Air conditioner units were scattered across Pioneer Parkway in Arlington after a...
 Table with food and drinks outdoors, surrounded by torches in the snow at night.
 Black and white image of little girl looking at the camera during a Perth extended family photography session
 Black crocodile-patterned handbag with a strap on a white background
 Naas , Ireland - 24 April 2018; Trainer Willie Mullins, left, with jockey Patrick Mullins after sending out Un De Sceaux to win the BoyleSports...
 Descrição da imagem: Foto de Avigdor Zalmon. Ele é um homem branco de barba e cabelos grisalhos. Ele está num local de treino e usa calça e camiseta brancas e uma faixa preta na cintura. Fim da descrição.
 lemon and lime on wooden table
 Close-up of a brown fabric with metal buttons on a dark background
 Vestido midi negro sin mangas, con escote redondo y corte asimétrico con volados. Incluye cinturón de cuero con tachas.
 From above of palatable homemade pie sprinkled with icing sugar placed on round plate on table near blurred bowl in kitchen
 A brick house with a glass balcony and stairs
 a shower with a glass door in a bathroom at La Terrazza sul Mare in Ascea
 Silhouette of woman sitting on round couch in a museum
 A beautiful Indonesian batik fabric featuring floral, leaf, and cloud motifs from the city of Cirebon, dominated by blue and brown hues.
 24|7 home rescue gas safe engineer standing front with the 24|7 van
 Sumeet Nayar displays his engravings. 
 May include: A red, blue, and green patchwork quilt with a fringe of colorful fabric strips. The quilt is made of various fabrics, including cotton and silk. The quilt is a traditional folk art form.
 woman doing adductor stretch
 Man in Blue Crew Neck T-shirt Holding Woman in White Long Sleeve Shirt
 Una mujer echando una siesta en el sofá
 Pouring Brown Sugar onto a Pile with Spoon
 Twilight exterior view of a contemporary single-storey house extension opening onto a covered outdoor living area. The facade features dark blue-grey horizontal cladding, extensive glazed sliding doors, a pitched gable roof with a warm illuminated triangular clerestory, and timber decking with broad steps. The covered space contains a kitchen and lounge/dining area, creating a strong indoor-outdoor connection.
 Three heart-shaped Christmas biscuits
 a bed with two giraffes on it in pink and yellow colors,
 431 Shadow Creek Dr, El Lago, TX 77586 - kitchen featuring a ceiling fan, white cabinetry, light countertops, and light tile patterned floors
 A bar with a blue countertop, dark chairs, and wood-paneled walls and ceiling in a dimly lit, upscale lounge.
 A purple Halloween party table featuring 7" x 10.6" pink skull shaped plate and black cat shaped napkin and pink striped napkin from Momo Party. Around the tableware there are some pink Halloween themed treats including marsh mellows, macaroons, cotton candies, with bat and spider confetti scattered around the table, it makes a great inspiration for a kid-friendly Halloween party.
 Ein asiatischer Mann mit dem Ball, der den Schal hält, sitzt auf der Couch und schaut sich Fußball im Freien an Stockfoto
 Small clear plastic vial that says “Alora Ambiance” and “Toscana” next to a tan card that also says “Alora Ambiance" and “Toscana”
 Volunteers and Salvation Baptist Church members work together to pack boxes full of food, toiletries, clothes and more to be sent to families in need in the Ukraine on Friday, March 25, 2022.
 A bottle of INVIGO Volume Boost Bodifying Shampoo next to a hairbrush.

### What this task involves
Each line in the data where the string "including" occurs should be identified and copied.

### Result of this exercise
 May include: A red, blue, and green patchwork quilt with a fringe of colorful fabric strips. The quilt is made of various fabrics, including cotton and silk. The quilt is a traditional folk art form.
 A purple Halloween party table featuring 7" x 10.6" pink skull shaped plate and black cat shaped napkin and pink striped napkin from Momo Party. Around the tableware there are some pink Halloween themed treats including marsh mellows, macaroons, cotton candies, with bat and spider confetti scattered around the table, it makes a great inspiration for a kid-friendly Halloween party.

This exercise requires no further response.